India is among the top ten markets for Avaya

Avaya recently successfully came out of Chapter 11 / bankruptcy. The new Avaya is now looking to make greater investments in R&D and a renewed focus on its call center business. In a detailed interaction, Laurent Philonenko, Global CTO, Avaya and Vishal Agrawal, Managing Director, India & SAARC, Avaya, share Avaya’s strategy post restructuring, and highlight India’s key role in the firm’s future growth

 
Earlier, products were a big focus. Post restructuring, how is that going to change? What are the new product lines that are going to be added, and what are the products which are not really making sense right now?

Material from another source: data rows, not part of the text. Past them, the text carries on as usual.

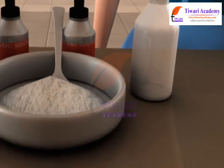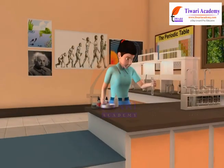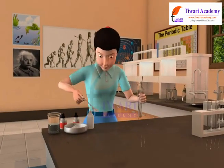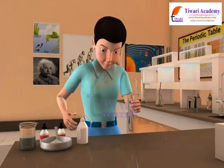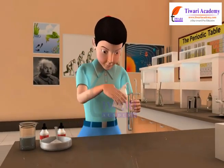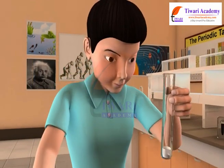Take a small quantity of the food items to be tested. Make a paste or powder of the food item. Put some of this food item into a test tube. Add 10 drops of water to the test tube and shake the mixture.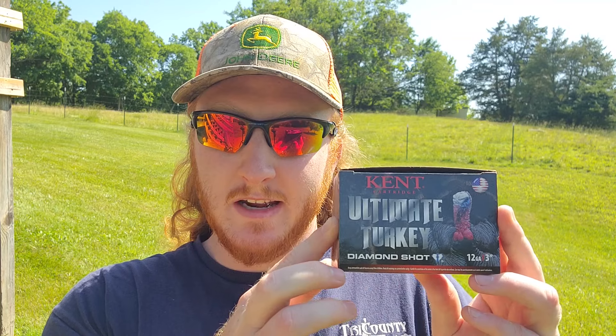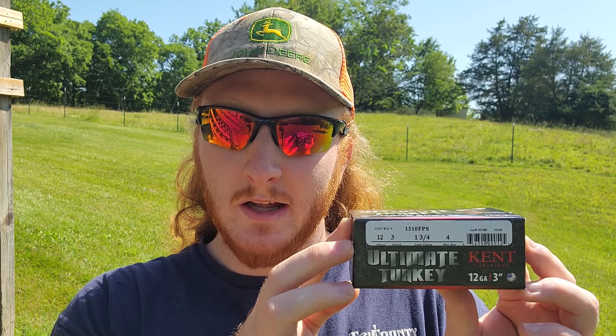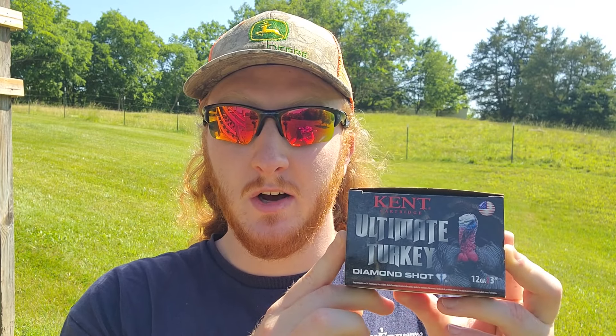As for the shells today, I brought out some of the Kent Ultimate Turkey Diamond Shot shells — 12 gauge, 3 inch, 1 and 3/4 ounce payload of number 4 shot, moving about 1310 feet per second. For a box of 10, I paid like $8.99, so these are definitely on the budget side. Last time we tested them they didn't do anything impressive necessarily, but they were plenty good enough to get the job done. The 'diamond shot' is more than likely a fancy way of describing the lead compound — possibly a little harder — but either way these are still a lead number four turkey shell.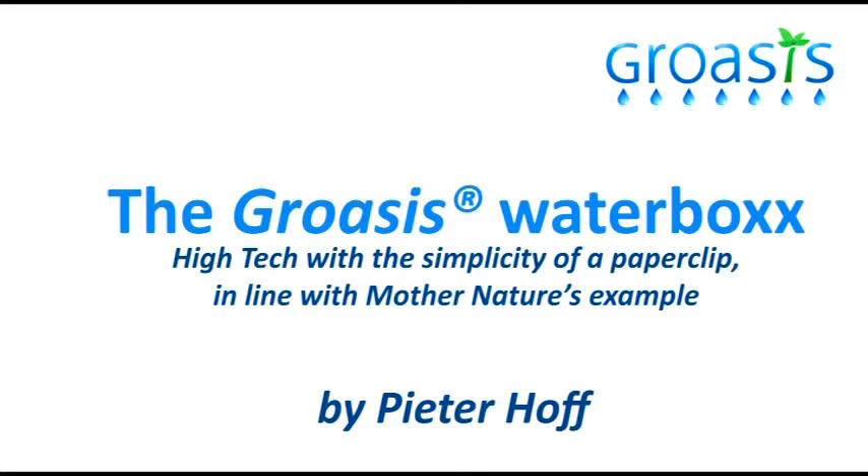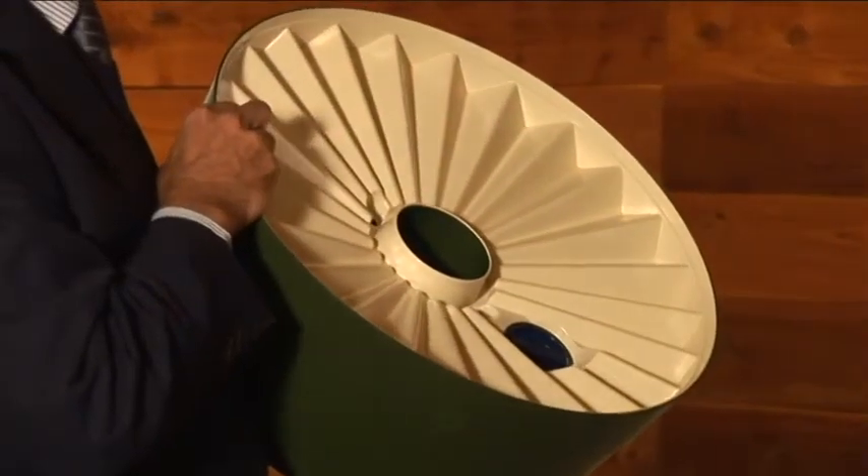The Waterbox is a small device that I've developed over the last six years. It's actually making water from air without using energy.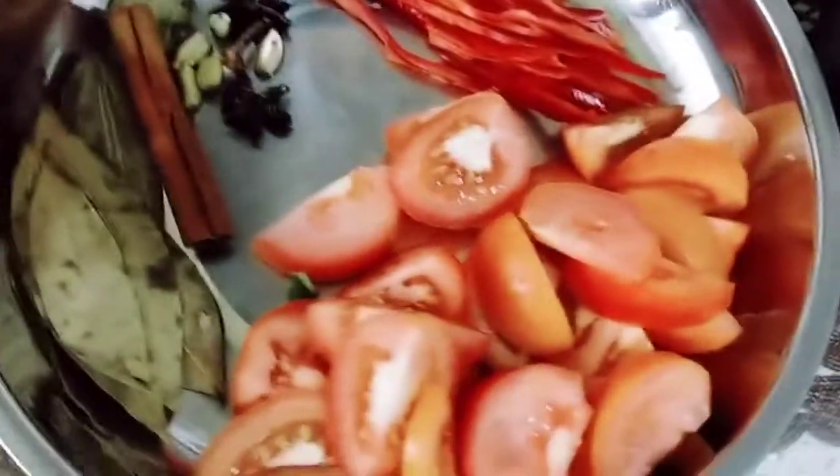Hey guys, welcome back! Today we're going to do mutton fries. So first, let me show you what I need.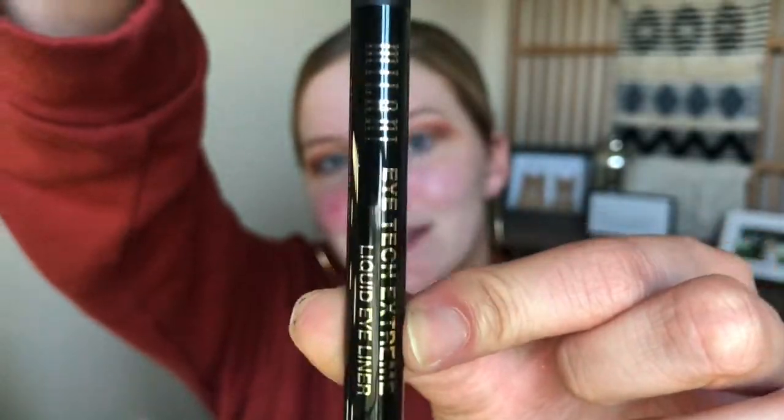The next product I'm using is the Milani Eye Tech Extreme Liquid Eyeliner. I like a pen liner because it's easier to work with, and I haven't tried this one yet, but I love Milani products — their blushes are phenomenal. It's really pigmented and a true black liner. It's super easy to apply, really quick, and it dries down almost immediately, which is exactly what we're here for.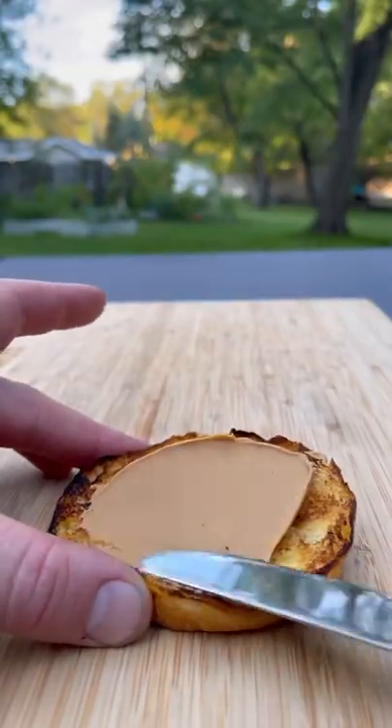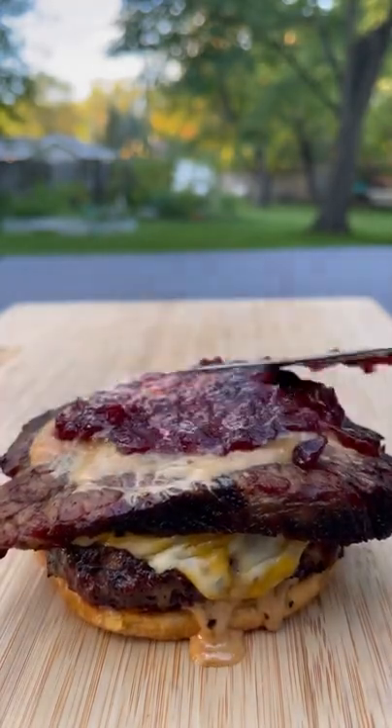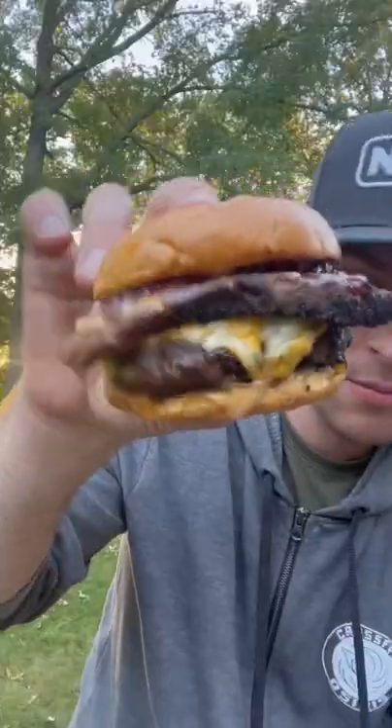Time to spread on the Skippy peanut butter — any other brand, you're wrong. Throw on the brisket, more peanut butter, and of course some jelly. Now it's assembled, it's time to get a big old bite of that delicious burger.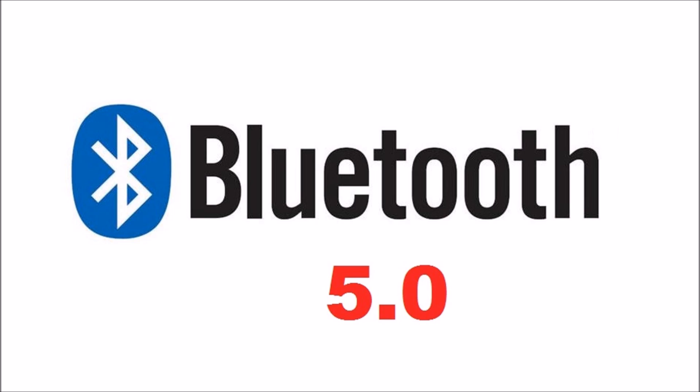Hey guys, Ifan back again with another video. Today we are going to be talking about the latest version of Bluetooth — Bluetooth 5.0 — and we will also be looking at what advantages and improvements Bluetooth 5.0 has over the older versions, specifically 4.0, 4.1, and 4.2.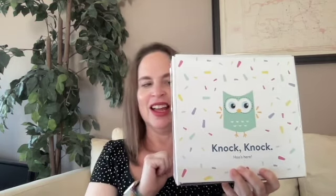It comes like this — except it has cellophane on it. You can see through the cellophane wrapping, the plastic wrapping. It's super cute. I love it — it says 'Knock knock, who's there?' And then you have this on the sides and on the back.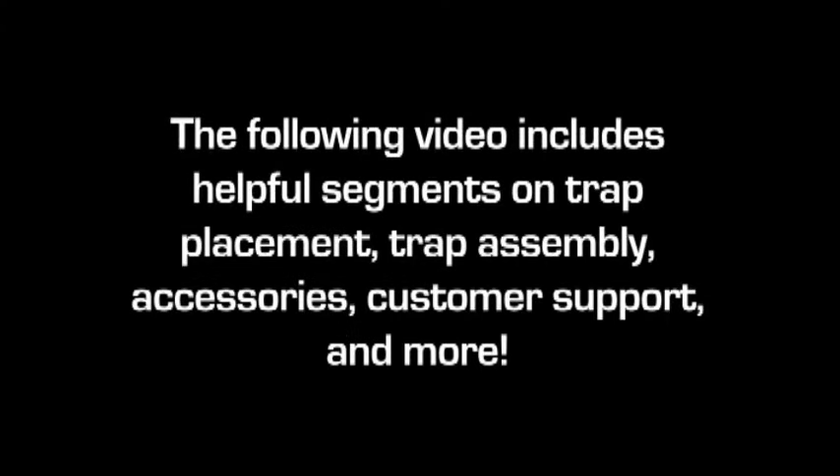The following video includes helpful segments on trap placement, trap assembly, accessories, customer support and more. Turn up your volume and enjoy the instructional video.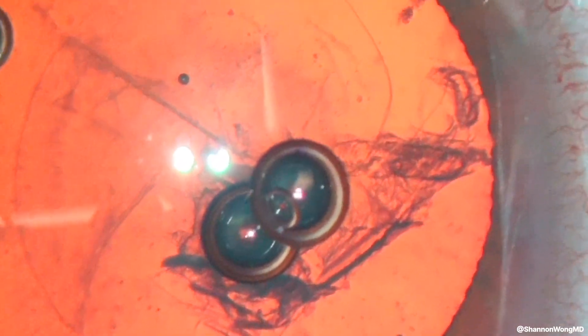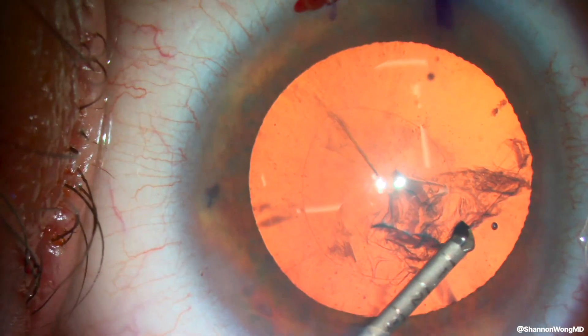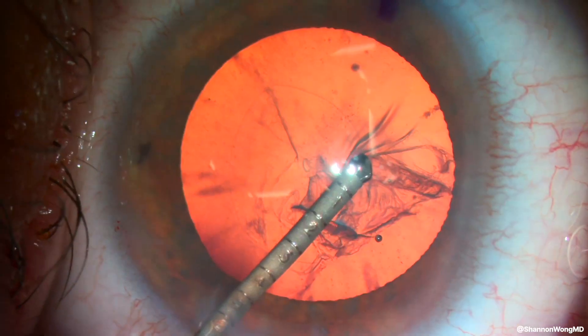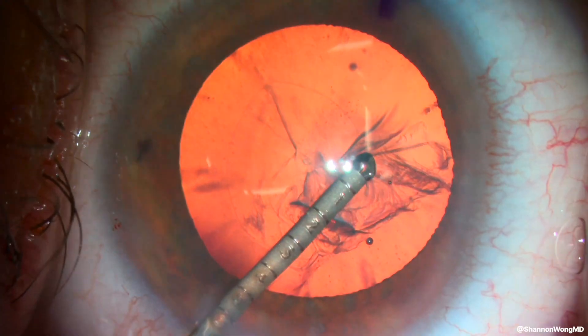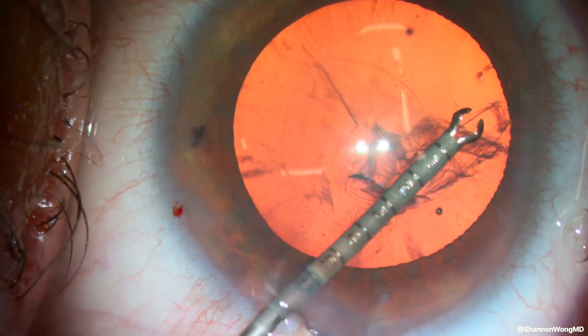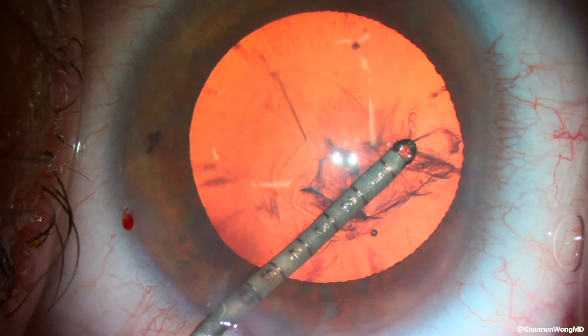We need to determine the extent of the tear in the anterior capsule. Did it extend to the zonules? Will I be able to rescue the anterior capsule tear or extension? So I call on our 23-gauge capsular forceps and attempt to perform the little maneuver when I pull on the anterior capsule flap to turn the capsular axis away from the zonules.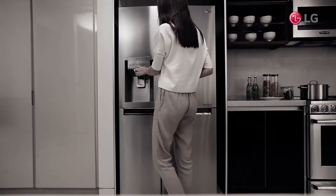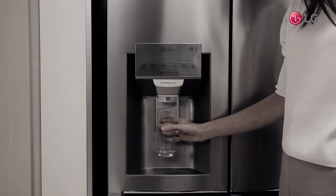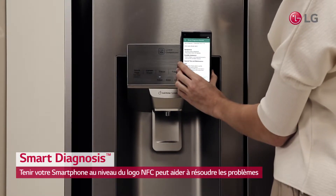Your refrigerator should never stop working. But haven't you found yourself left perplexed with your refrigerator suddenly not working or making an alarm sound? Get assistance from LG Smart Diagnosis.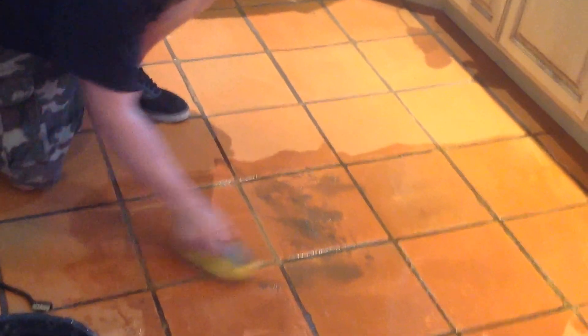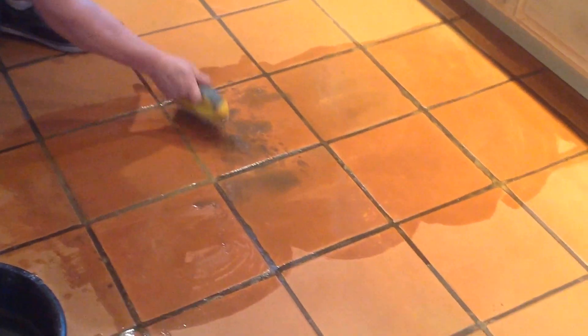You can see how dirty all the ground is. It's been neglected over some years, so we're going to bring this bad boy back to life.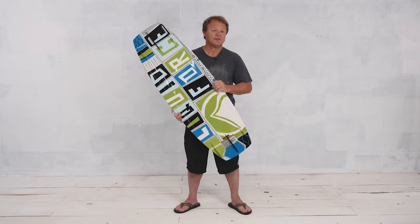So if you want to ride, progress in your riding, and have the right board at the right size to help you move forward, check out a Fury and fly.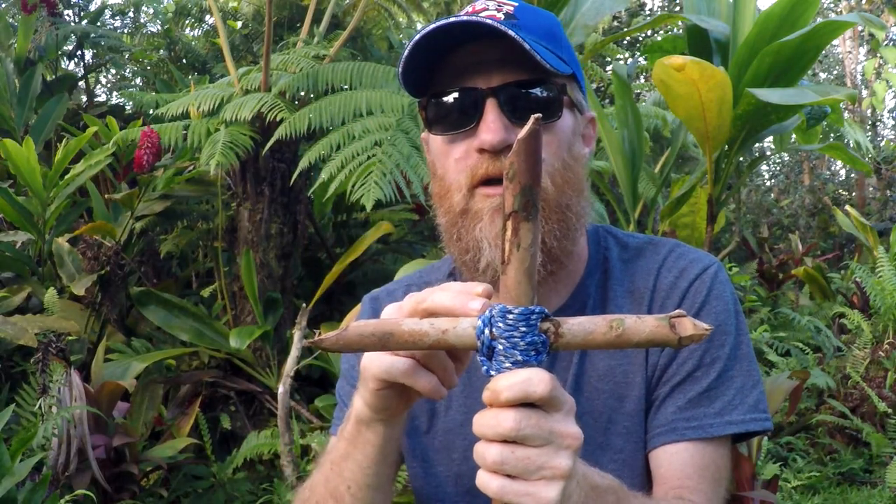This is my disclaimer: do not try this at home. This is only for survival purposes and this is not a toy. This is dangerous. Do not try this at home. Aloha everybody, Gabe here from the Hawaii Institute of Self-Reliance Survival.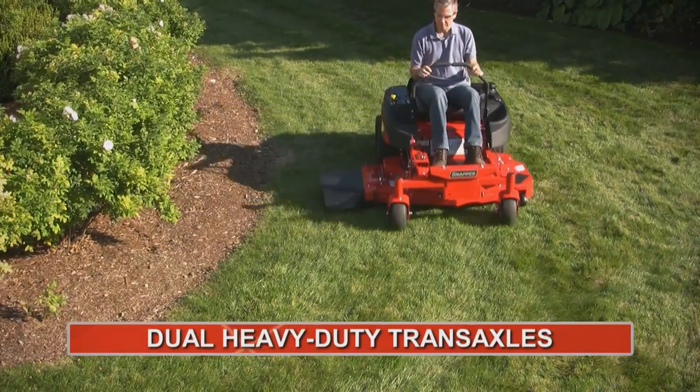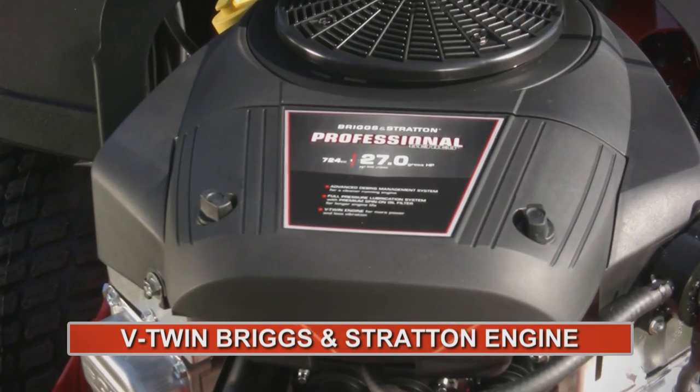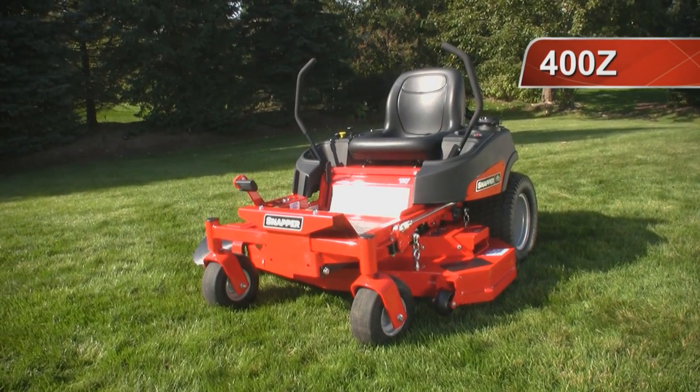It's all powered by pro style dual heavy duty trans axles and a professional series V-twin Briggs & Stratton power plant. The Snapper 400Z, for homeowners who appreciate the best.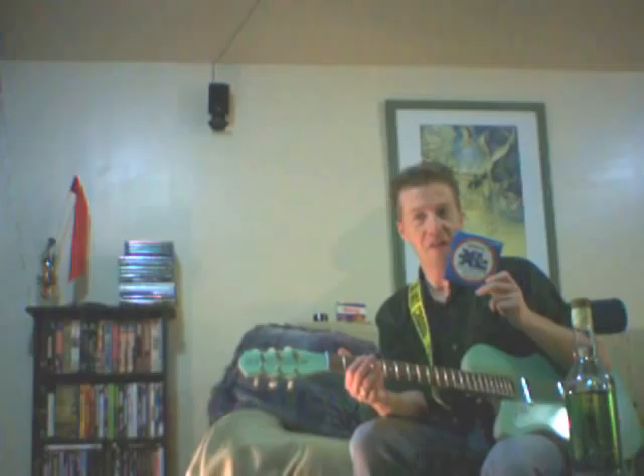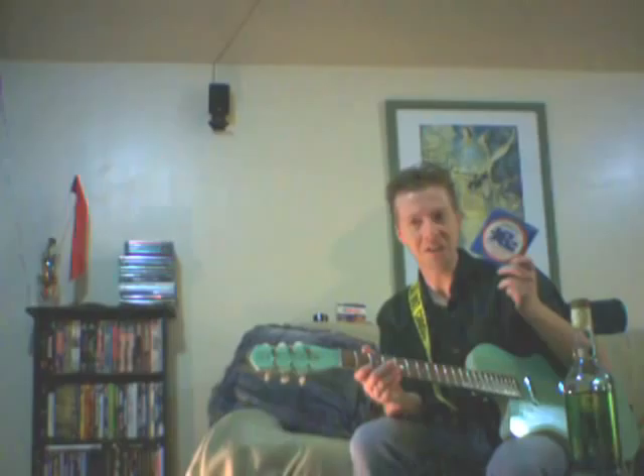I happened to have, for the last couple of years, found myself attached to these D'Addario light-top, heavy-bottom strings. And yes, it's apparently pronounced D'Addario, not Dia-dario, or any of the other weird pronunciations that people have come up with.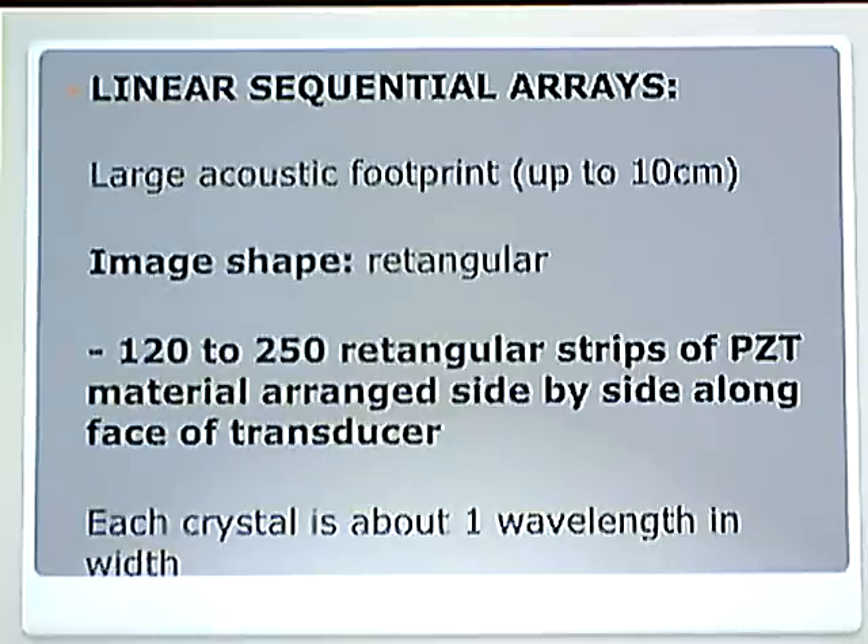The image shape is rectangular. There are 120 to 250 rectangular strips of PZT material arranged side by side along the face of the transducer. The number is not important; the arrangement is. What is important is that each crystal is about one wavelength in width. From here on out for these transducers, they are all the same — all one wavelength in width.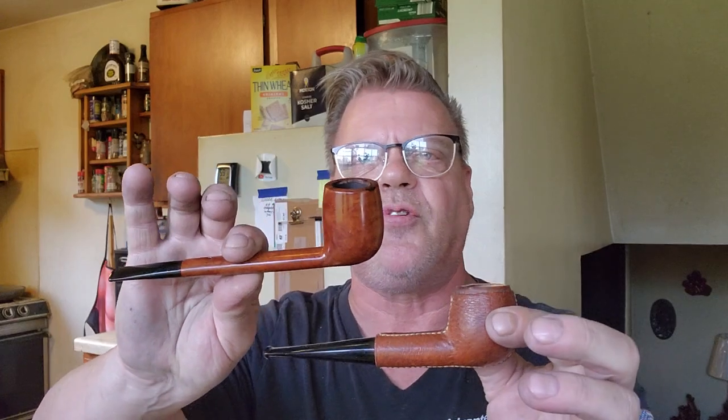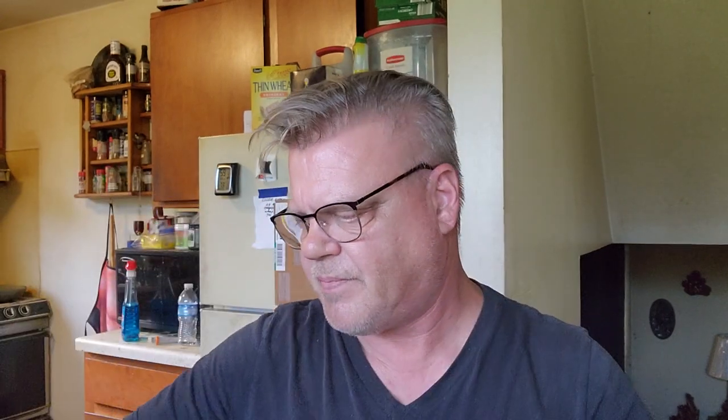I'm buying pipes for people that are budget-minded. You can get two great pipes. They're all going to get ghosted. Let's move on to our next box — we'll be right back.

Laurent Philonenko: We are essentially two product families – contact centers and Unified Communications. In Unified Communications, there is a lot of growth in cloud so you will see good activity in that space, and a good opportunity for players like us. There are also new opportunities in next generation devices. For example, last year, we launched a device called Vantage. Think of it as an Android platform but always on with all the tools that you will find in a traditional phone but with much more applications. It is going to be a device which is used in vertical applications. For example, in the hospitality sector, we could have customers who are using the device to be a controller for your rooms. So you have all the conditioning and lightning, but we also need communications, room service, housekeeping and emergency services. The key is it is an open device for the enterprises and that is very new. It is not going to be confined to hospitality. And the form factor itself is very interesting – it is just a pan of a glass and no buttons. So this is a very interesting device. We also recently launched Equinox meetings online which is a very competitive product in the world of video conferencing and cloud. That is a scenario which is growing very fast right now so we are in that space as well.

Post the restructuring, what is the focus going to be for India?
Vishal Agrawal: India is among the top ten markets for Avaya. India, by the sheer size of the digitization happening in the country, has a tremendous opportunity. The opportunities are in multiple areas. There is a big opportunity in startups. The government’s focus on digitization, emergency response systems, the smart cities or the helplines – all these areas present immense opportunities. The digitization of the BFSI sector is also a huge area of opportunity.

Verticals such as hospitality, healthcare and e-commerce that are using technology to redefine customer experience like the service oriented verticals – hospitality, healthcare and e-commerce, are also driving huge demand. We are increasing our sales workforce power by 20%, and we do expect this market to be aggressively growing for at least 3 years. That’s one view of India, the second is which Laurent was explaining that we have a strong R&D in India, and this R&D team has developed more than 165 patents out of India. They do more than 30% of the global R&D work. And our engagements are very deep, they go along with us to the customers. They hear the customers and take the feedback which is required for the India market. And that is a continuous advantage that we have to grow in the market. And more importantly, with the proliferation of the technology and innovation that is happening in India, it also gives us good opportunity to see different small startup organizations and the services organization with whom we can work collaboratively, invest and adopt them to kind of service the customers not only in India but globally.

So what is the big opportunity that you see out of India?

Vishal Agrawal: I think the big differentiator that we bring to the market is definitely the open architecture. We also embrace what the customer wants. As customer experience becomes more critical and it becomes omni-channel, the continuity of the communication and the flipping of the communication across the channel become crucial. On the face of it, it looks very simple, but it needs a very solid infrastructure and architecture to support and drive that.

It is easy to build a contact center solution for 5 seats, 10 seats and we see many small companies coming in. But when the complexities start building, having Omni channel, having the right security, the right transferring of the information from one channel to the other channel, using artificial intelligence on the top of it and maintaining and sustaining it – becomes a tough task. This is where Avaya’s role becomes very critical.

How are you partnering with the government?
Vishal Agrawal: When you work on projects with the government, you have to work both as a consultant as well as a vendor. I think there is a lot more appetite in the government to adopt new technologies as far as we have seen. We have done some successful implementations as well like the UP Dial 100 which is state of the art, we have done MP Dial 100 and Rajasthan Dial 100, and there are few other state governments that we are working on. The motion of the government and the enterprise is pretty much the same. The government systems are getting lot more mature; they consult the research firms; they assess different available solutions. They engage in large consulting organizations to really run their RFP processes and they are very structured. The OEMs like us who can demonstrate the value of the solution and what we can serve the citizens of the country will survive and grow.

We have run many Dial 100s. We have run Mumbai, Karnataka, Tamil Nadu, Dial 108 on Avaya. UP gets around 2 lakhs call per day, MP gets around a lakh, Mumbai is around a lakh again and these are big numbers. The government is no different from the enterprise. They start with the voice calling, then the more tech savvy demand multi-channel and chat bots. I personally feel the citizen services will go through the same journey the way enterprises are going through. We are going from rudimentary systems to sophisticated communication systems and they will further evolve to multichannel, Omni channel to AI. I think it is a gradual transformation journey. I don’t see a big difference between enterprises and the government. The scale is different, the speed can sometimes be faster or slower.